12

EDIT: I'm using MySQL, I found another post with the same question, but it's in Postgres; I require MySQL.

Get most common value for each value of another column in SQL

I ask this question after extensive searching of this site and others but have not found a result that works as I intend it to.

I have a table of people (recordid, personid, transactionid) and a transaction table (transactionid, rating). I require a single SQL statement that can return the most common rating each person has.

I currently have this SQL statement that returns the most common rating for a specified person id. It works and perhaps it may help others.

SELECT transactionTable.rating as MostCommonRating 
FROM personTable, transactionTable 
WHERE personTable.transactionid = transactionTable.transactionid 
AND personTable.personid = 1
GROUP BY transactionTable.rating 
ORDER BY COUNT(transactionTable.rating) desc 
LIMIT 1

However I require a statement that does what the above statement does for each personid in personTable.

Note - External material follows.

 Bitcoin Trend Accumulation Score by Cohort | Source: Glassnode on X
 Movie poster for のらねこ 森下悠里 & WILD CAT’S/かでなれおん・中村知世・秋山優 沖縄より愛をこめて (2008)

My attempt is below; however, it times out my MySQL server.

SELECT personid AS pid, 
(SELECT transactionTable.rating as MostCommonRating 
FROM personTable, transactionTable 
WHERE personTable.transactionid = transactionTable.transactionid 
AND personTable.personid = pid
GROUP BY transactionTable.rating 
ORDER BY COUNT(transactionTable.rating) desc 
LIMIT 1)
FROM persontable
GROUP BY personid

Any help you can give me would be much obliged. Thanks.

PERSONTABLE:

RecordID,   PersonID,   TransactionID
1,      Adam,       1
2,      Adam,       2
3,      Adam,       3
4,      Ben,        1
5,      Ben,        3
6,      Ben,        4
7,      Caitlin,    4
8,      Caitlin,    5
9,      Caitlin,    1

TRANSACTIONTABLE:

TransactionID,  Rating
1       Good
2       Bad
3       Good
4       Average
5       Average

The output of the SQL statement I am searching for would be:

OUTPUT:

PersonID,   MostCommonRating
Adam        Good
Ben         Good
Caitlin     Average
Jonathan Leffler
  • 730,956
  • 141
  • 904
  • 1,278
Rusty Robot
  • 1,725
  • 2
  • 13
  • 29
  • Please tag with the database engine you're using. – Mat Sep 16 '12 at 11:15
  • I'm about to head out for a few hours so can only check this again in like 5 hours,but, a few things pop to mind. Have you tried putting an index on any of these columns? That is likely the reason your SQL server is timing out. http://msdn.microsoft.com/en-us/library/ms190806.aspx – user1590499 Sep 16 '12 at 11:15
  • I think you have a typo in the first row in the `TRANSACTIONTABLE` `1 GOOD` shouldn't be `1 Very bad` because you have `3 GOOD`?? – Mahmoud Gamal Sep 16 '12 at 11:15
  • The typo is not the cause, these examples are simply to simulate the problem I am having, they are not the actual data I am working with. – Rusty Robot Sep 16 '12 at 13:11
  • This post is the same as mine but the answer is in POSTGRES I require MYSQL. http://stackoverflow.com/questions/344665/get-most-common-value-in-sql – Rusty Robot Sep 16 '12 at 13:11
  • Possible duplicate of [MySQL SELECT most frequent by group](http://stackoverflow.com/questions/1407723/mysql-select-most-frequent-by-group) – Ciro Santilli OurBigBook.com Nov 21 '15 at 10:38

3 Answers3

29

Preliminary comment

Please learn to use the explicit JOIN notation, not the old (pre-1992) implicit join notation.

Old style:

SELECT transactionTable.rating as MostCommonRating 
FROM personTable, transactionTable 
WHERE personTable.transactionid = transactionTable.transactionid 
AND personTable.personid = 1
GROUP BY transactionTable.rating 
ORDER BY COUNT(transactionTable.rating) desc 
LIMIT 1

Preferred style:

SELECT transactionTable.rating AS MostCommonRating 
  FROM personTable
  JOIN transactionTable 
    ON personTable.transactionid = transactionTable.transactionid 
 WHERE personTable.personid = 1
 GROUP BY transactionTable.rating 
 ORDER BY COUNT(transactionTable.rating) desc 
 LIMIT 1

You need an ON condition for each JOIN.

Also, the personID values in the data are strings, not numbers, so you'd need to write

 WHERE personTable.personid = "Ben"

for example, to get the query to work on the tables shown.


Main answer

You're seeking to find an aggregate of an aggregate: in this case, the maximum of a count. So, any general solution is going to involve both MAX and COUNT. You can't apply MAX directly to COUNT, but you can apply MAX to a column from a sub-query where the column happens to be a COUNT.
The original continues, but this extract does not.